There is a short scene after the opening scene of Paul and his friends as they happily enlist in the Army, but it doesn’t carry the theme quite as well as in the book.

Related to this, later in the book, Paul returns home on leave and finds that everything is the same, except him. He realizes that his war experience has changed him forever, and he eventually concludes that coming home had been a mistake. He is eager to return to the front because that is where he feels ‘normal’.

This is not shown in the movie at all, and that, I thought, was a big missed opportunity. The theme of the story is not just the horrors of war, but also how it changes the soldiers who return. It’s an important theme to explore because I don’t believe many civilians consider it.

We all understand the ‘ticking time bomb’ cliche, when the war veteran is constantly angry, drunk, and suicidal (this harmful stereotype is a whole other problem to be discussed another day, by the way), but in reality, so many more veterans internalize any grief or stress. They blend in because they know they have to. They’re home again, but they know they’re not really home. Home was before, when all was innocent, and they had all their childhood friends.

That’s gone forever. As the book shows, the hometown and the childhood friends are all the same, but the veteran is the one who changed, and he can’t be unchanged.

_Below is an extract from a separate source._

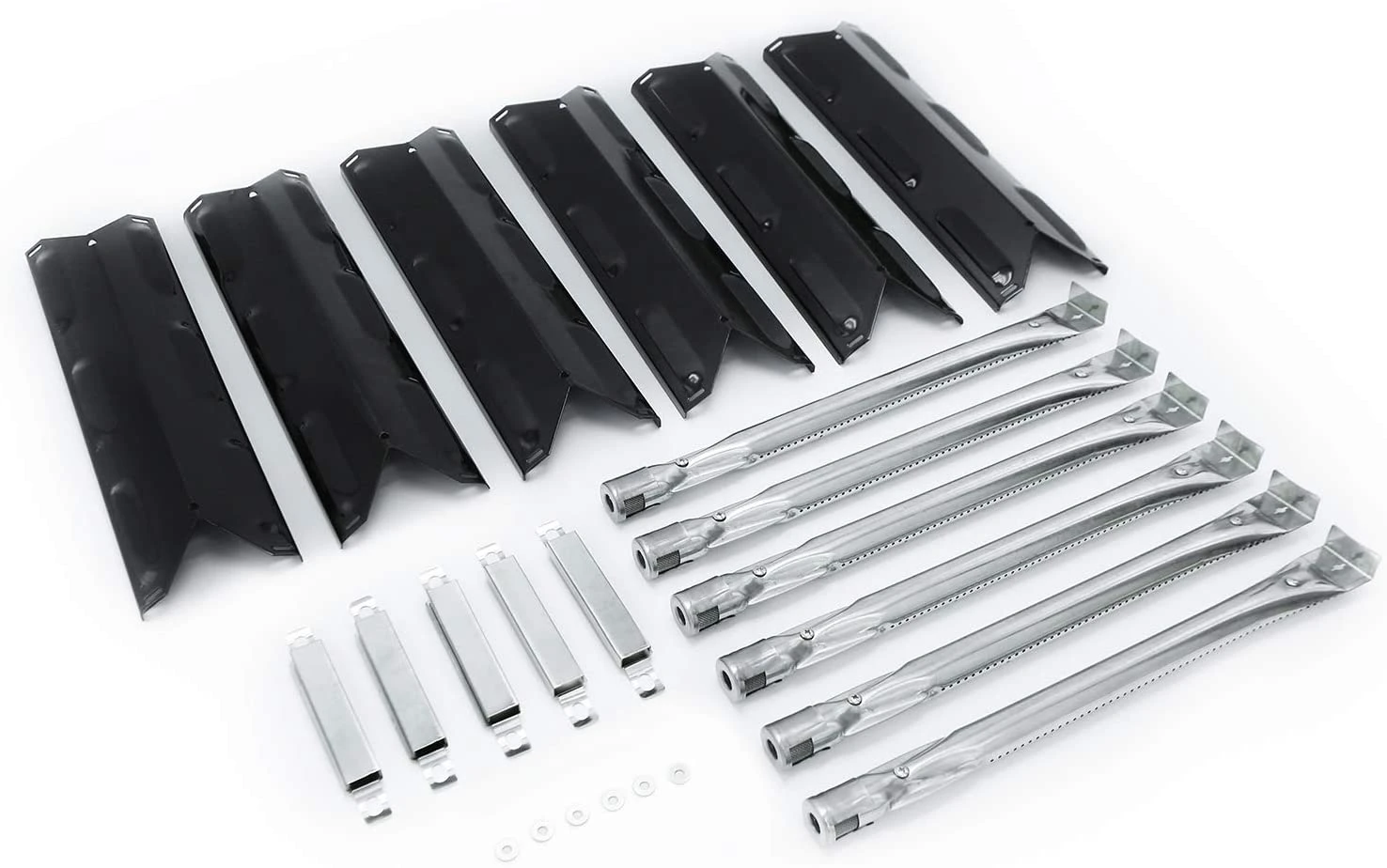 Grill Parts Kit For BBQ Pro 6 Burner 146.23770310, 146.2367631, 146.23676310, Burner, Heat Plates Set 3 Grill Parts Kit For BBQ Pro 6 Burner 146.23770310, 146.2367631, 146.23676310, Burner, Heat Plates Set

Failing to explore this theme left me feeling not so high on the movie as I might have been. I immediately contrasted it to the end of They Shall Not Grow Old by Peter Jackson, a film I consider required viewing. At the end of that film, you hear an old veteran of The Great War telling a story about returning home to his old town, returning to his old job, and reuniting with his old coworker. His coworker, who had remained at home, sees him come in after four years of being apart and says to the veteran, “Bob! Haven’t seen you in a while. You been working nights?”

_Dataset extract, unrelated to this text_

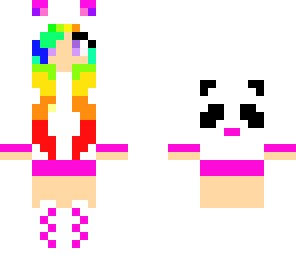 rainbow panda girl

And the movie ends there. I get chills just thinking about this powerful testimony. After four years of some of the most hellish warfare humanity has ever fought, the warfighter returns to an old friend asking if he picked up a different shift. The old friend is no longer a true friend because he can’t possibly relate to the warfighter. That old friendship is, in a word, gone, and the warfighter knows this. He knows that he will forever be an other.

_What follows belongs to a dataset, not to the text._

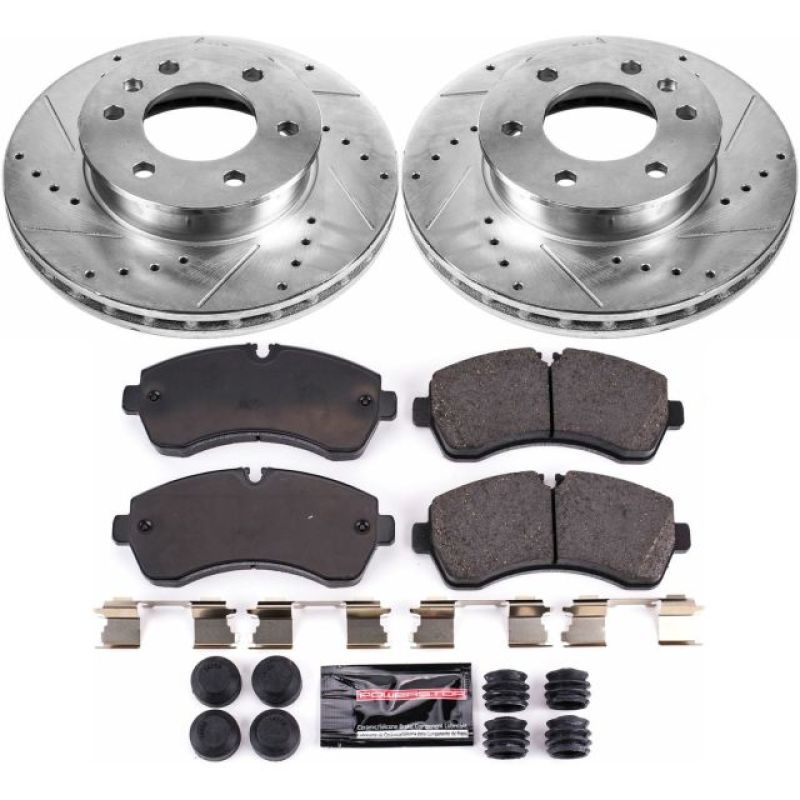 PowerStop fits Dodge 07-09 Sprinter 3500 Front Z23 Evolution Sport Brake Kit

Overall I enjoyed the film, and it did do a good job of faithfully representing the anti-war message of the book, but I thought there were too many missed opportunities. There’s another neglected section of the book that shows the boys struggling with a cruel, domineering corporal at the barracks before they ever even see war, but this review has gone on long enough.

I recommend this film (in the original German) to students of history, but I also feel compelled to warn you about some pretty severe violence. I’m sure you would expect that given the film’s subject, but be warned that it can get extremely graphic and includes gruesome hand-to-hand combat.